If you had anything else sharing the same password, best to change that one too.

It's a fairly common scam that someone phones you up and tells you that there is a problem when there isn't.  They will probably claim they can fix it remotely (which they couldn't).

Its unlikely your ISP would contact you in that manner.


----------



## Mark Parrott (Jun 1, 2018)

I had some similar phone calls the other week from someone claiming to be from TalkTalk.  Well, we have not been with TalkTalk for years, so when they said they needed to access our internet account, I said to them, hold on a second.....hold on....right, this call is now being tracked by the police.  They slammed the phone down & haven't called since.


----------



## Bubbsie (Jun 5, 2018)

Mark Parrott said:


> I had some similar phone calls the other week from someone claiming to be from TalkTalk.  Well, we have not been with TalkTalk for years, so when they said they needed to access our internet account, I said to them, hold on a second.....hold on....right, this call is now being tracked by the police.  They slammed the phone down & haven't called since.


I get calls form Talk Talk all the time...they ask for me...I used to just put the phone down...now I ask them to wait...then put the phone in a draw...leave it there until I'm ready...makes me smile when I sometimes hear that disembodied voice saying hello from inside a draw


----------



## Robin (Jun 5, 2018)

I think the call was probably random, and not connected to the email hack.

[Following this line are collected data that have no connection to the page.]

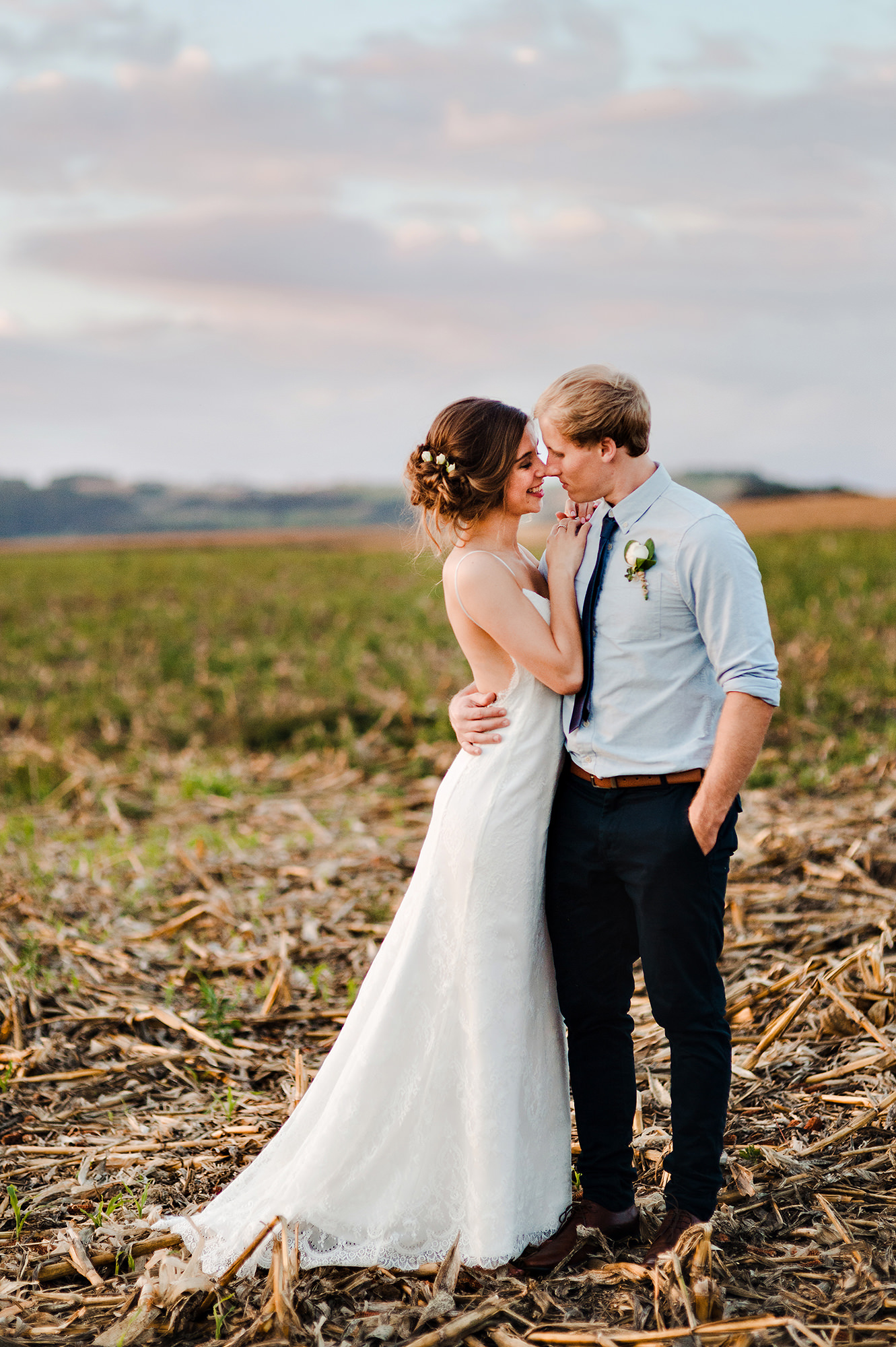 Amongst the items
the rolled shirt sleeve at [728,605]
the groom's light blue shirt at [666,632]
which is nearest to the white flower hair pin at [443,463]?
the groom's light blue shirt at [666,632]

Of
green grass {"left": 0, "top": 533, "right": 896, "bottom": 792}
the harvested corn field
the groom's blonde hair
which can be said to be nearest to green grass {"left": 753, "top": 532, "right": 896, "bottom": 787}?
green grass {"left": 0, "top": 533, "right": 896, "bottom": 792}

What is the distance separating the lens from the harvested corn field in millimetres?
3262

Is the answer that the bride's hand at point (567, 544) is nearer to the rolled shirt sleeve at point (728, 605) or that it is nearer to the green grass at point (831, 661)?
the rolled shirt sleeve at point (728, 605)

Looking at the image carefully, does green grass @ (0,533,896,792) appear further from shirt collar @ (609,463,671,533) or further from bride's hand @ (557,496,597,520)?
shirt collar @ (609,463,671,533)

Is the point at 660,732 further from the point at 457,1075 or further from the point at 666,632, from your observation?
the point at 457,1075

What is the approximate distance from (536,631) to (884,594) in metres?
15.0

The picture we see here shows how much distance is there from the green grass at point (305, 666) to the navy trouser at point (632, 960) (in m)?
2.56

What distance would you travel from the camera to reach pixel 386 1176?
3.54m

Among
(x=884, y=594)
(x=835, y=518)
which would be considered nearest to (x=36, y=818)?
(x=884, y=594)

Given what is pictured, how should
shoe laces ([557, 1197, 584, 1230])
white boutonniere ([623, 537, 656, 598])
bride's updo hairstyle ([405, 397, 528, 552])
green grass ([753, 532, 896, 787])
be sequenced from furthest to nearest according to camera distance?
green grass ([753, 532, 896, 787]) < shoe laces ([557, 1197, 584, 1230]) < bride's updo hairstyle ([405, 397, 528, 552]) < white boutonniere ([623, 537, 656, 598])

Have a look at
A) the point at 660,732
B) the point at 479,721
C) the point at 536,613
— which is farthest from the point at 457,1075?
the point at 536,613

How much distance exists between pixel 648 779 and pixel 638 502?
80 centimetres

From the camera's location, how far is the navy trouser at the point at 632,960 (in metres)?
3.19

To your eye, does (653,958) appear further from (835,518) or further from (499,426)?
(835,518) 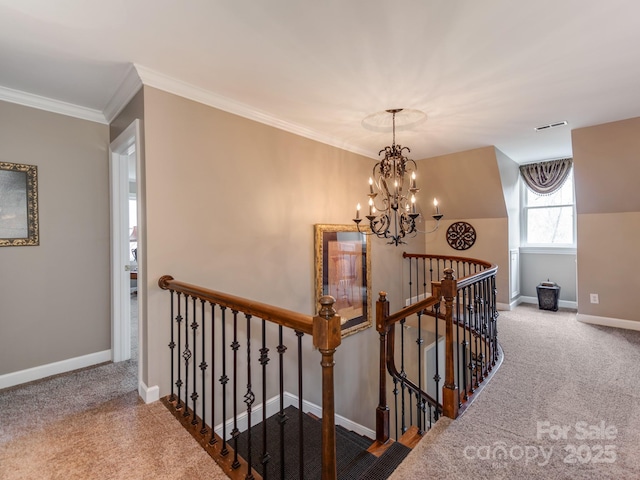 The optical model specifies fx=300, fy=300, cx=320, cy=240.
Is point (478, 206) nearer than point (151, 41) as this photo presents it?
No

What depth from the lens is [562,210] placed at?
511 cm

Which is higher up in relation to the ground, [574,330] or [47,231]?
[47,231]

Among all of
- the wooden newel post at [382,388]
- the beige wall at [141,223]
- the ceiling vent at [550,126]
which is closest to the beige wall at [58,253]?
the beige wall at [141,223]

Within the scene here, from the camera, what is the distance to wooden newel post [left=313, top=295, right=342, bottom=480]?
3.92ft

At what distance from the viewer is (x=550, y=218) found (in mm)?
5230

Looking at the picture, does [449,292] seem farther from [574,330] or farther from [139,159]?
[574,330]

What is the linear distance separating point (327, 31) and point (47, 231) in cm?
294

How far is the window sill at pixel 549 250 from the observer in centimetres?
501

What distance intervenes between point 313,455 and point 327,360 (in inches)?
73.9

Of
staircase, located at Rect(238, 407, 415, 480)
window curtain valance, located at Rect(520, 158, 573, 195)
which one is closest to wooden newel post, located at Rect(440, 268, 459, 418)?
staircase, located at Rect(238, 407, 415, 480)

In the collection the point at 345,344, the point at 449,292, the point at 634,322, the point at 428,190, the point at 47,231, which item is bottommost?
the point at 345,344

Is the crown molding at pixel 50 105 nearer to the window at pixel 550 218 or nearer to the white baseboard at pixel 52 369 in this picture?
the white baseboard at pixel 52 369

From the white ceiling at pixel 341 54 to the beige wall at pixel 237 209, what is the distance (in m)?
0.32

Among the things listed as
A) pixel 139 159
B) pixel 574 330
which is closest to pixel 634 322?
pixel 574 330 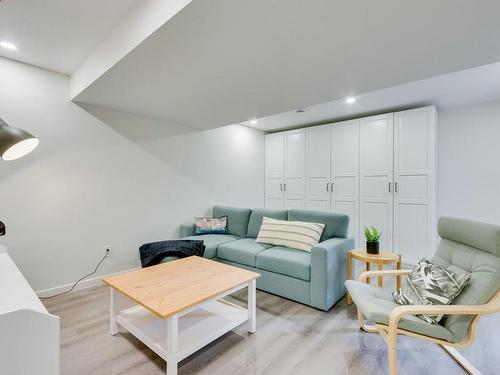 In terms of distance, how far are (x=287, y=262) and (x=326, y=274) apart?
16.3 inches

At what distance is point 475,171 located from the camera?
3578 mm

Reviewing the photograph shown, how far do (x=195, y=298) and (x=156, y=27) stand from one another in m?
1.73

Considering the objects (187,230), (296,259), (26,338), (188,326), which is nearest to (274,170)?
(187,230)

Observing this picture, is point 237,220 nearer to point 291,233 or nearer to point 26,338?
point 291,233

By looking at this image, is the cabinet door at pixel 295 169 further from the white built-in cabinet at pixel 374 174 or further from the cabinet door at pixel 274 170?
the cabinet door at pixel 274 170

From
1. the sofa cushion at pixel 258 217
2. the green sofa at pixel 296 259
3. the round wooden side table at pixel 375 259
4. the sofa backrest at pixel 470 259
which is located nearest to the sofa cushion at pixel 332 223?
the green sofa at pixel 296 259

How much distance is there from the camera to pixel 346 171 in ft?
14.0

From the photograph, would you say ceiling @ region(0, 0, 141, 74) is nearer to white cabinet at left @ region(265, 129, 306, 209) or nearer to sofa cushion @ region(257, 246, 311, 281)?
sofa cushion @ region(257, 246, 311, 281)

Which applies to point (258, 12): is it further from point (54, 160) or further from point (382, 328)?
point (54, 160)

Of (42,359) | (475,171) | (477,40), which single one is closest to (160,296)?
(42,359)

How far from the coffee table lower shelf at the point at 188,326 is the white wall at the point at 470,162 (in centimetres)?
365

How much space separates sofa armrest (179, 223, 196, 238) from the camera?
361 cm

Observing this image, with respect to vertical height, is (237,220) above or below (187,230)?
above

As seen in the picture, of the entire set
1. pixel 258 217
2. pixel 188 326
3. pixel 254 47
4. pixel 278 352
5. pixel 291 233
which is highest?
pixel 254 47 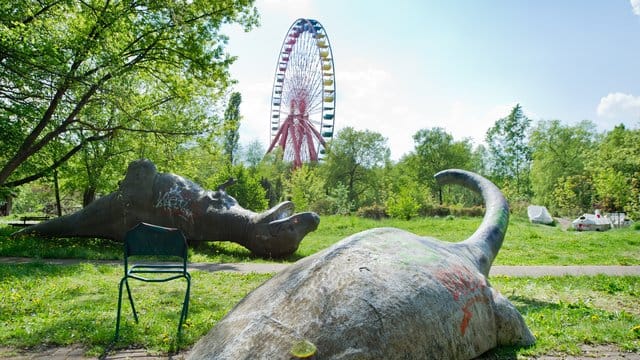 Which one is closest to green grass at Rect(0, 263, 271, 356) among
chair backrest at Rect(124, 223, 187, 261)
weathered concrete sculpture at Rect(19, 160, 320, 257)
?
chair backrest at Rect(124, 223, 187, 261)

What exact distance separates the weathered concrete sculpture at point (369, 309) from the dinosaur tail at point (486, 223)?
88 cm

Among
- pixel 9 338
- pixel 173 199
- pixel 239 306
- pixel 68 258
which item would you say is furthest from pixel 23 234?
pixel 239 306

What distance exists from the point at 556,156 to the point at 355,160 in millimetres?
21839

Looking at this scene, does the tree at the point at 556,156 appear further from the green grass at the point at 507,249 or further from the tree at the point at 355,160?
the green grass at the point at 507,249

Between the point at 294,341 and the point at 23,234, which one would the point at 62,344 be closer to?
the point at 294,341

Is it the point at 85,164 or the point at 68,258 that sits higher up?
the point at 85,164

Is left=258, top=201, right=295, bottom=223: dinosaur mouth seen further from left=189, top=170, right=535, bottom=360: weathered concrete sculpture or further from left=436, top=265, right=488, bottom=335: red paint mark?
left=436, top=265, right=488, bottom=335: red paint mark

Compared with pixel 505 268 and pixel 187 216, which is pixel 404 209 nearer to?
pixel 505 268

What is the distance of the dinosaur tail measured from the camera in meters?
4.34

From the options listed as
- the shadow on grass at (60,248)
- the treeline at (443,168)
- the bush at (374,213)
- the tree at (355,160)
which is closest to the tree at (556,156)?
the treeline at (443,168)

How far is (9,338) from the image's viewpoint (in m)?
4.47

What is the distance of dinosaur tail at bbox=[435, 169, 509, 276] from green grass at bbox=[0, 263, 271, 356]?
2.83m

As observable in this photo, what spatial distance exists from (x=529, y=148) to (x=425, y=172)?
586 inches

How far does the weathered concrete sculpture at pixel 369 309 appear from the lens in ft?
6.63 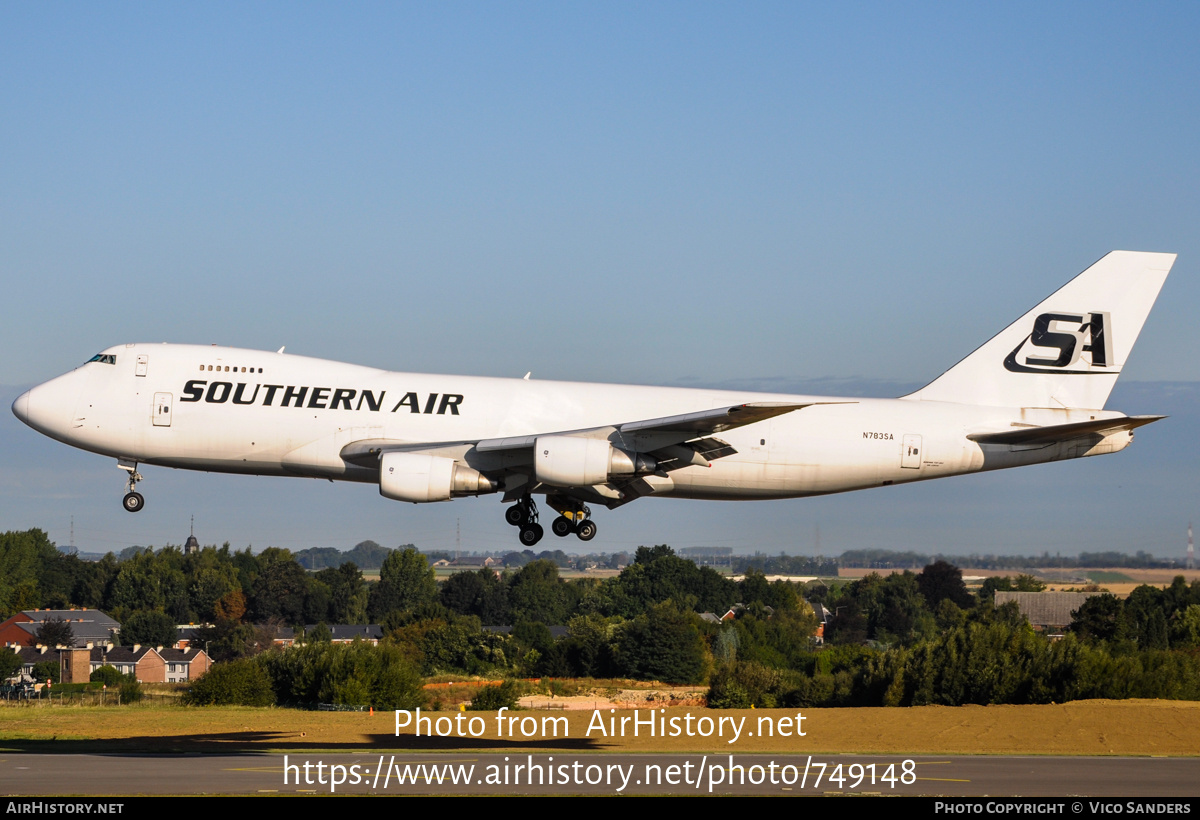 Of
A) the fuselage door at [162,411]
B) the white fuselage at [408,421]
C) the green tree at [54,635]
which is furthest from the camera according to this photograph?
the green tree at [54,635]

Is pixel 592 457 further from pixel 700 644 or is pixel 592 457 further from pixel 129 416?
pixel 700 644

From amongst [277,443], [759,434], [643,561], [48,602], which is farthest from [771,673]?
[48,602]

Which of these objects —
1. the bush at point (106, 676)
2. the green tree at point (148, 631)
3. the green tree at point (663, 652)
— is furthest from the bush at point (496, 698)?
the green tree at point (148, 631)

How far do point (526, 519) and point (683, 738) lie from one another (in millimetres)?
12184

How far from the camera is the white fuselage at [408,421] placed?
3550cm

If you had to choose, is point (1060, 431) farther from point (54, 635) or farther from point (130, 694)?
point (54, 635)

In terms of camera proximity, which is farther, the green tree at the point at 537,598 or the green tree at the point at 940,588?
the green tree at the point at 537,598

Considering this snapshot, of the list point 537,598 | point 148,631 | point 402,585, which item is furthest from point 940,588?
point 148,631

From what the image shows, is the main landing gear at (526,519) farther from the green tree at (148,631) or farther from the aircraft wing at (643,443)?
the green tree at (148,631)

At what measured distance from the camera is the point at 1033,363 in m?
38.5

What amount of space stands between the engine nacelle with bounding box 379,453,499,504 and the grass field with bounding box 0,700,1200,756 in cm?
963

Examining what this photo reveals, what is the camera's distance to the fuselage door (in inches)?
1405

Sometimes they get lucky and spam someone who's just had a problem. Our internet was wiped out in a storm last week, and I coincidentally got a call claiming to be from BT saying our internet was compromised. If we hadn't been having such calls for weeks, (along with half the village, according to our local website) I might have wondered if it was genuine.


----------



## Mark T (Jun 5, 2018)

I saw an article on the news that the old trick of calling claiming you are from BT saying there is a problem with your computer is going around again.  So it's probably that.

It's a fairly old trick.
http://bt.custhelp.com/app/answers/detail/a_id/48253/~/security-warning---fraud-activities-or-scams
https://www.theregister.co.uk/2017/09/06/bt_call_scam/


----------



## Heath o (Jun 5, 2018)

When I get dodgy calls I just tell them to hang on,play some music on phone and see how long can keep em holding for before they put phone down,


----------



## chaoticcar (Jun 5, 2018)

I am very bad and I like winding these people up!! It is amazing how long you can keep them hanging  on for example you can spend quite a few minutes while you go looking for the computer then you ask which button to press to turn it on !!If they ask about windows tell them that they are double glazed .We could have a competition to see who could make them stay on line for longest  I had a salesman telling me that I could have a free boiler service and as we don't have a boiler I was going to book ,but my husband wouldn't let me !!!!
   Carol


----------



## Pine Marten (Jun 5, 2018)

I have some Latin phrases on a piece of paper by the phone, but haven't had the chance to use them yet. Thus: Quid dicis? Noli stultus esse! Etc....

I did once mightily confuse the woman who rang telling me I'd had an accident by replying brightly, _Yes! It was fatal... _Fatal...? said she. _Yes,_ said I, _I'm dead!_


----------



## MikeTurin (Jun 8, 2018)

Bubbsie said:


> I get calls form Talk Talk all the time...


It's such a shame.


----------



## Bubbsie (Jun 8, 2018)

MikeTurin said:


> It's such a shame.


Good song Mike


----------



## Bubbsie (Jun 8, 2018)

Pine Marten said:


> I have some Latin phrases on a piece of paper by the phone, but haven't had the chance to use them yet. Thus: Quid dicis? Noli stultus esse! Etc....
> 
> I did once mightily confuse the woman who rang telling me I'd had an accident by replying brightly, _Yes! It was fatal... _Fatal...? said she. _Yes,_ said I, _I'm dead!_


Made me laugh so much PM...I'm going to remember that one.


----------



## Mark Parrott (Jun 8, 2018)

MikeTurin said:


> It's such a shame.


One of my favourite 80's songs.


----------



## Bubbsie (Jun 8, 2018)

Mark Parrott said:


> One of my favourite 80's songs.


I've never heard it before Mark.


----------



## Mark Parrott (Jun 8, 2018)

Bubbsie said:


> I've never heard it before Mark.


I don't remember it from the time as it was never a hit in the UK, but I have a Best Of Talk Talk album & it's on there.  One of their most well known songs is 'It's My Life' which was covered by No Doubt.


----------



## MikeTurin (Jun 10, 2018)

Got a call that I was going to dismiss, but this time was actually from my ISP. 
I live in a building that was used as a test of FTTH back in the 2000s. They used Ethernet fiber, So I have a little router at home. Now finally newer GPON fiber is rolled out, so a techician will come here to change the router and thest the switchover.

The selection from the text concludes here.